Start of Material for this exercise

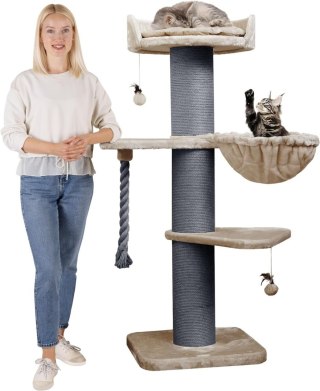 Drapak dla kota na drzewku 150 cm GRUBY SIZAL 1530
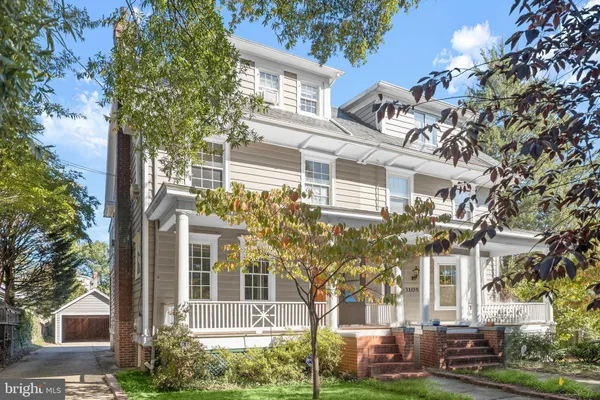 front view of a building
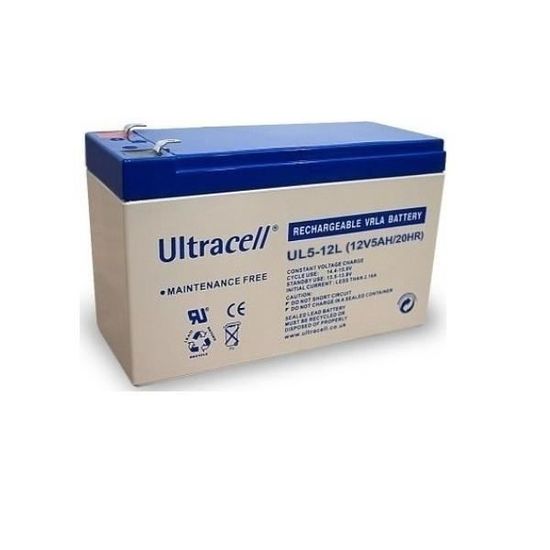 Batterie Plomb étanche UL1.3-6 Ultracell 6v 1.3ah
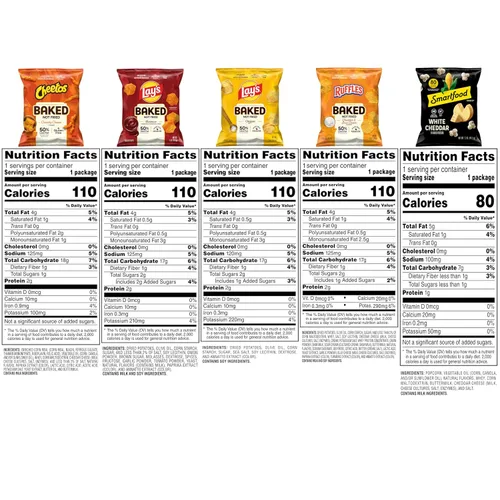 Vista 2 de Frito-Lay Baked & Popped Mix - Paquete variado (paquete de 40)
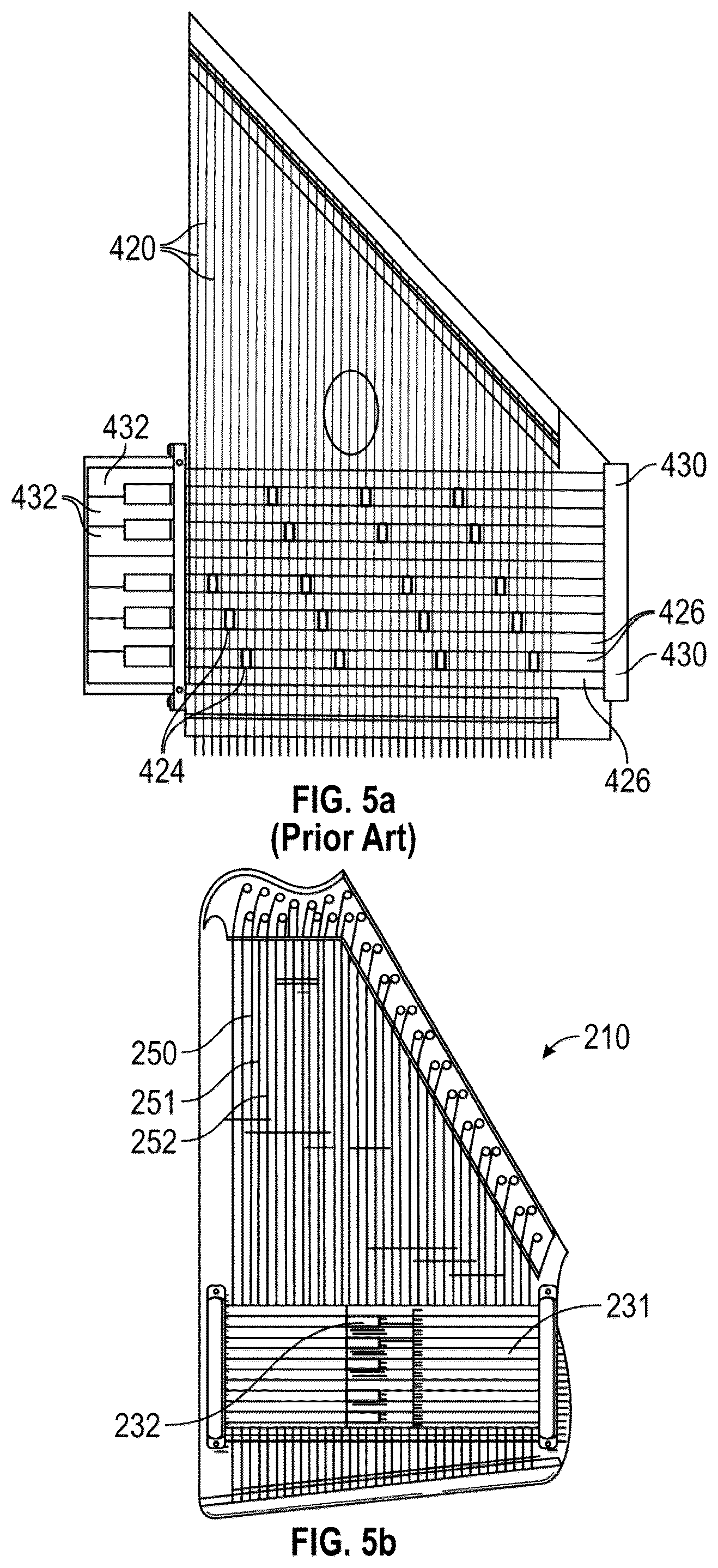 Patent US12562142 Figure 6 – Autoharp keyboard mechanism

End of Material for this exercise

An exact reprint of every record is required, with the pictures omitted.

 Drapak dla kota na drzewku 150 cm GRUBY SIZAL 1530
 front view of a building
 Batterie Plomb étanche UL1.3-6 Ultracell 6v 1.3ah
 Vista 2 de Frito-Lay Baked & Popped Mix - Paquete variado (paquete de 40)
 Patent US12562142 Figure 6 – Autoharp keyboard mechanism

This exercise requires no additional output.